- COLLECTED MATERIAL
==================================================
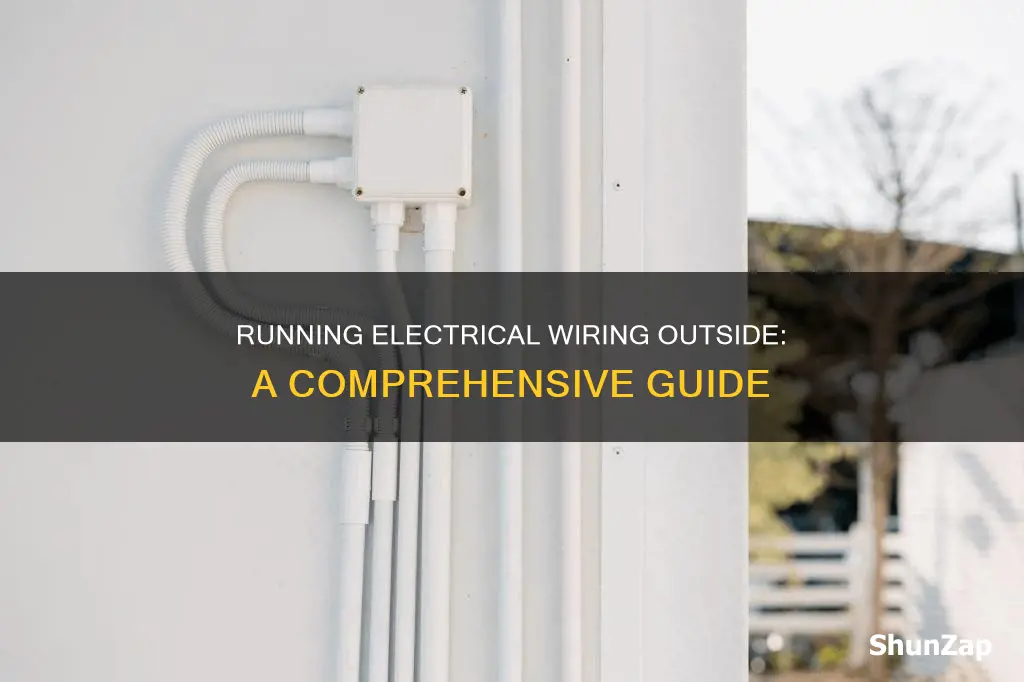 how do you run electrical wiring outside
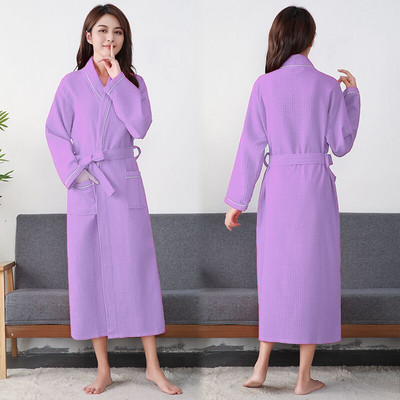 Дамски халат с джоб и колан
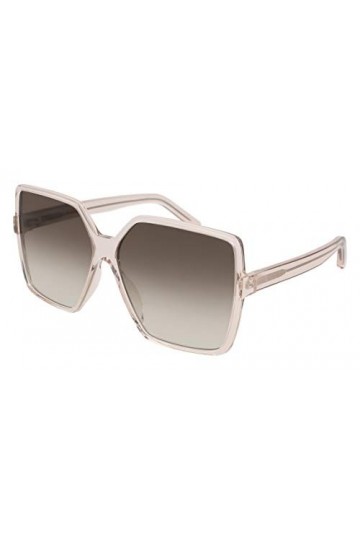 Saint Laurent Lunettes de Soleil BETTY SL 232 Nude/Brown Shaded 63/13/135 femme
==================================================
- INSTRUCTIONS TO FOLLOW
Extract the lines beginning with the one that contains "Дамски халат с джоб и колан" and ending with the last line of the listing. Keep them exact and drop the pictures.

- TASK ANSWER
 Дамски халат с джоб и колан
 Saint Laurent Lunettes de Soleil BETTY SL 232 Nude/Brown Shaded 63/13/135 femme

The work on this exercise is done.